Il n'existe pas en France d'enquête nationale permettant d'évaluer l'ampleur du phénomène. Les parlementaires ont évoqué en 2019 une centaine de cas "récents".
- Des artistes engagés -
Plusieurs reportages ou témoignages ont récemment fait l'objet d'un fort retentissement médiatique, et des artistes comme Eddy de Pretto ou Hoshi ont pressé les politiques de mettre la lutte contre ces pratiques à l'agenda parlementaire.
En adoptant ce texte, les parlementaires français emboitent le pas d'un mouvement européen puisque des pays comme l'Allemagne, Malte ou des régions espagnoles ont d'ores et déjà légiféré sur le sujet, bientôt rejoints par la Belgique, les Pays-Bas ou la Grande-Bretagne.
Députés et sénateurs français étaient parvenus à un accord sur le texte. Mais si en première lecture, il avait fait l'objet d'un vote unanime à l'Assemblée nationale le 6 octobre, il n'en avait pas été de même au Sénat, dominé par la droite.
Le vote avait été cependant largement favorable à la chambre haute: 305 sénateurs s'étaient prononcés en faveur de la proposition de loi, 28 contre, tous du groupe Les Républicains (droite), dont leur chef de file Bruno Retailleau.
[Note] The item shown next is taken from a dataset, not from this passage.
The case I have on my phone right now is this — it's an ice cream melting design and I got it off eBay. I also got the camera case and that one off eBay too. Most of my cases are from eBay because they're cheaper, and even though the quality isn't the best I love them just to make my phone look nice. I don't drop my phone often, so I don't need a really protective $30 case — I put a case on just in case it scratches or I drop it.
Celui-ci avait par la suite assuré être "évidemment contre les thérapies de conversion qui visent à obliger des personnes homosexuelles à changer leur orientation". Mais il avait justifié son vote par le fait que le texte "évoque aussi l'identité de genre, au nom de laquelle des personnes demandent à changer de sexe, ce qui dépasse largement la question de la protection des personnes homosexuelles".
Comme avec les propositions de loi sur l'égalité professionnelle hommes/femmes, l'allongement de la durée légale de l'IVG ou la contraception gratuite pour les femmes de moins de 25 ans, le vote de ce texte permet à la majorité présidentielle, en cette fin de législature, de donner un visage plus sociétal à son bilan.
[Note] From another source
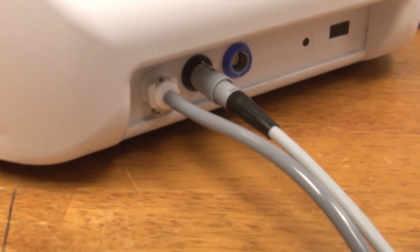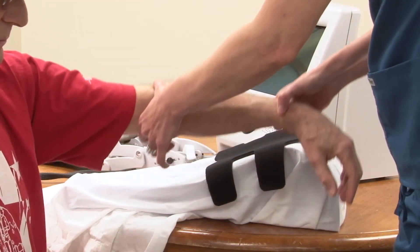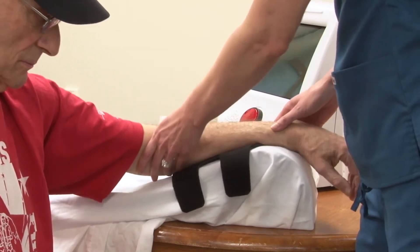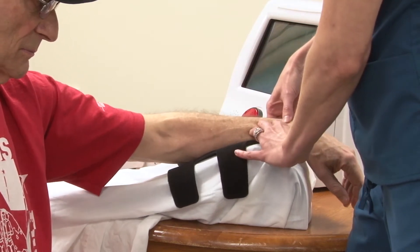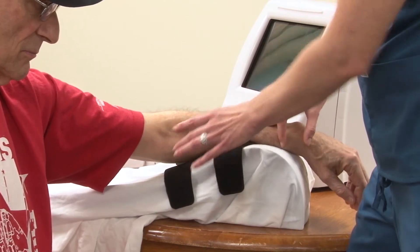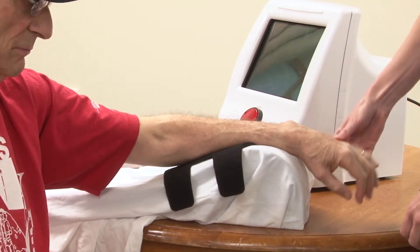Now the device is plugged in and ready to go. Let's talk about positioning in order to use the Hand Mentor. When working with the Hand Mentor, it's important to ensure that there is free range of motion about the hand. To ensure this on the supporting surface, allow two to three inches of extra room around the wrist joint. This allows free flexion and extension around the hand.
Et envoyer ainsi, à moins de trois mois de l'élection présidentielle, des messages à son électorat de centre-gauche, jugé plus réceptif à ces thématiques.
Ces textes "ne sont pas des lumières de Noël de gauche sur un sapin de droite: ce sont de vrais choix stratégiques", assure le député Roland Lescure, porte-parole du mouvement présidentiel.